The FAQ is hosted my NOMMULinux project (nomen omen a Linux distribution that is not using virtual memory, it was discussed on HN earlier today).
I found it to be a very nice summary of how OS manages memory, that is quite interesting even without context. That's why I posted it. It is a little bit light on the details, but in my opinion it is able to show memory management as a complete process, which many other materials fail to do (at least the ones that I've seen).
Some of us disagree violently with that FAQ's discussion of the OOM killer and strict overcommit. The arguments aren't even coherent.
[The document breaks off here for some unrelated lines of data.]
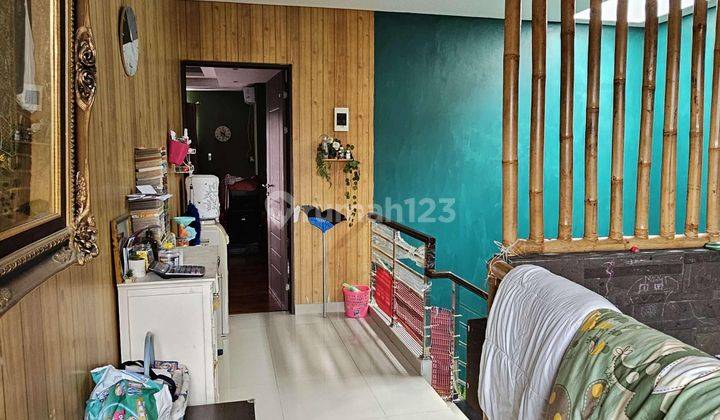 Rumah 2 Lantai Bagus SHM di Prv, Bandung 2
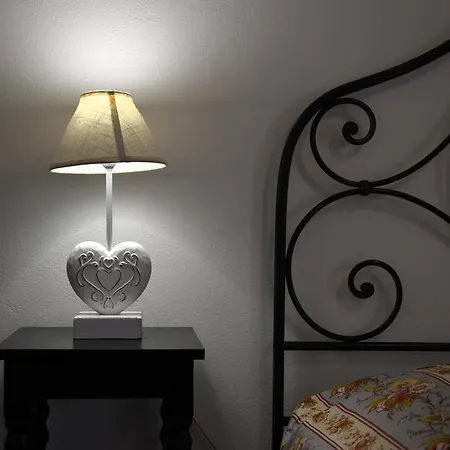 Casa Rosa Di Cavoli *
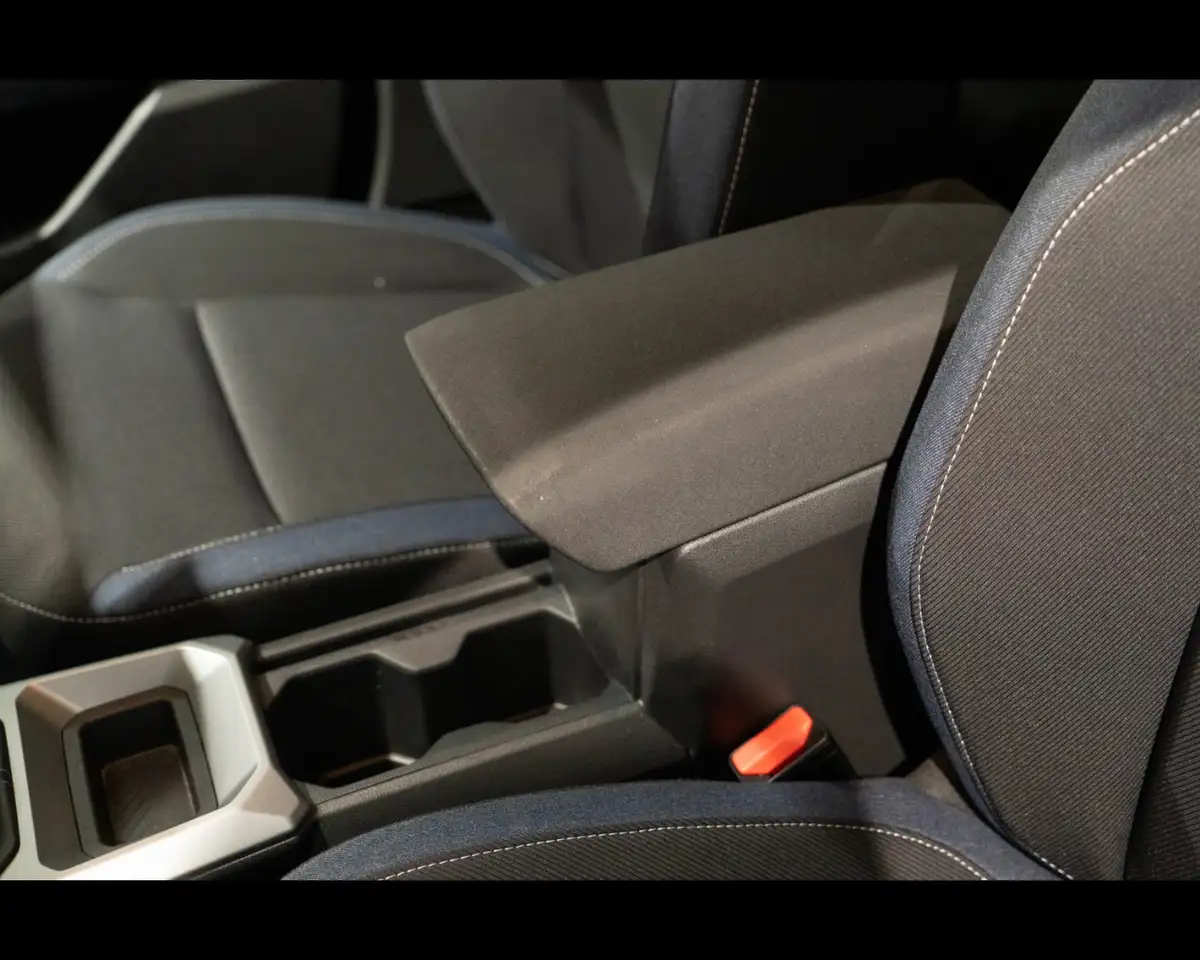Dacia Duster Eco-G 100 CV Journey 23
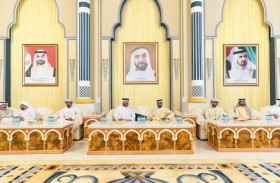 طحنون بن محمد يعزي مانع العتيبة في وفاة نجله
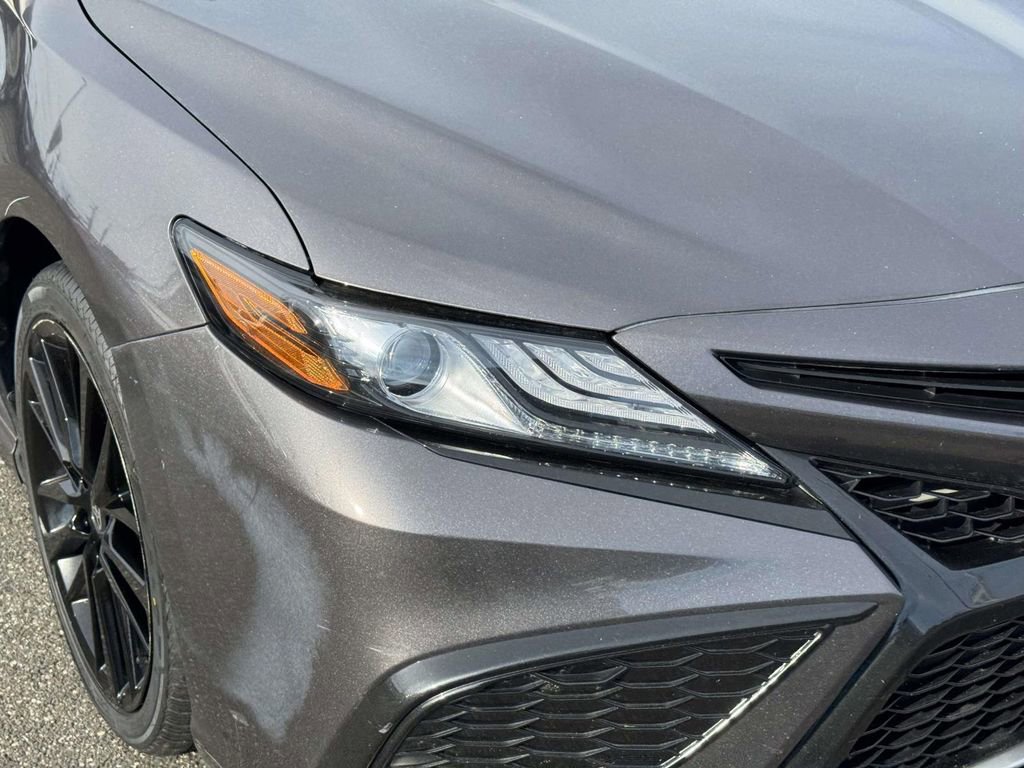 Used 2023 Toyota Camry XSE image 10
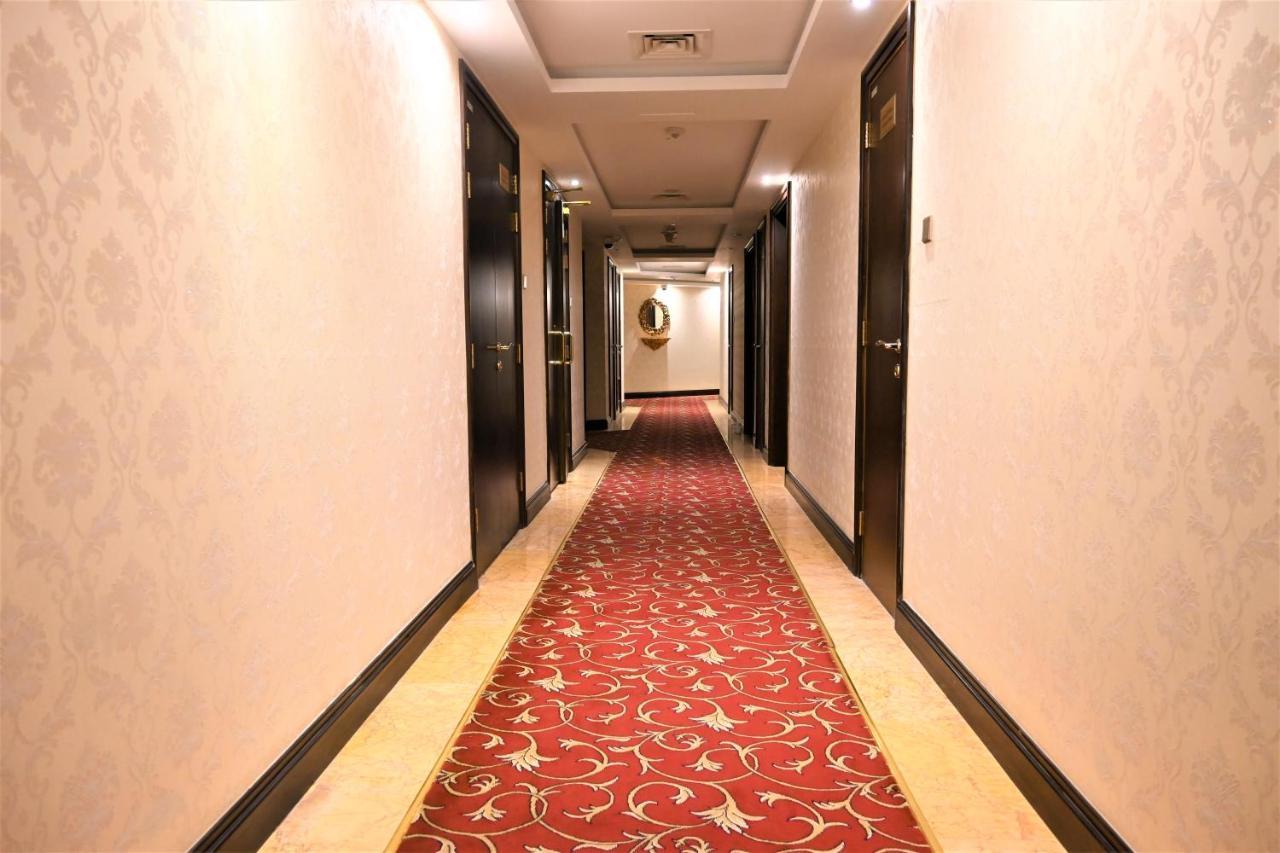 Crystal Plaza Al Majaz Hotel Schardscha Exterior foto
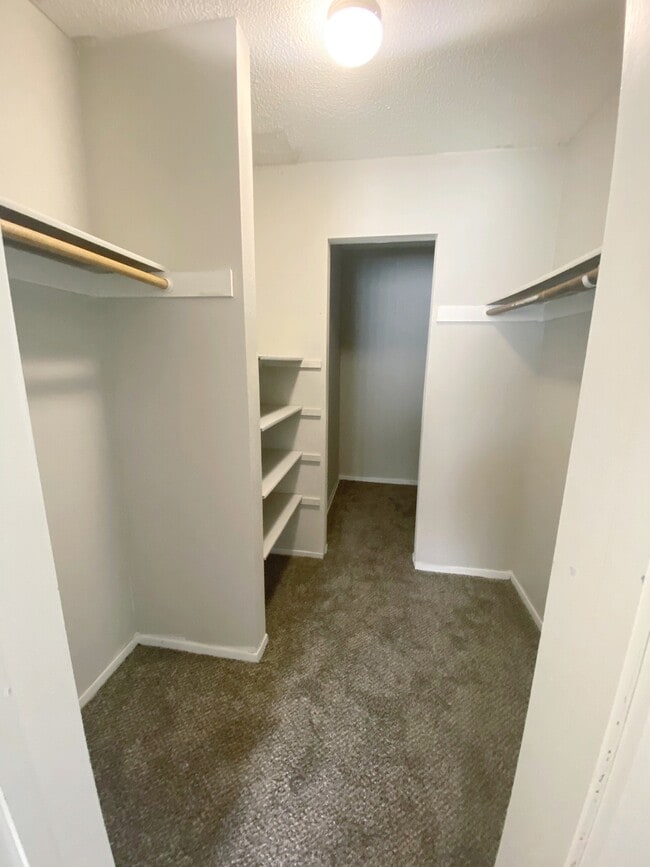 Bellevue Hills Apartments For Rent in Bellevue, NE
For example, I disable overcommit and run my machines without any swap whatsoever. (Though this doesn't resolve the problem entirely in Linux.) The way to deal with the reality of finite memory isn't to pretend like it's infinite and then randomly kill processes when you hit a wall; or to use magic constants in user processes that try to guess the maximum number of logical tasks that can be handled for some amount of system RAM (which you could never possibly do correctly or consistently as a general matter for non-trivial purposes).
Rather, I would argue that overcommit encourages people to allocate huge amounts of swap in an attempt to avoid the OOM killer. And I would argue that overcommit and swap make it much easier to DoS a site, all things being equal. But certainly overcommit makes it more difficult to implement resilient software.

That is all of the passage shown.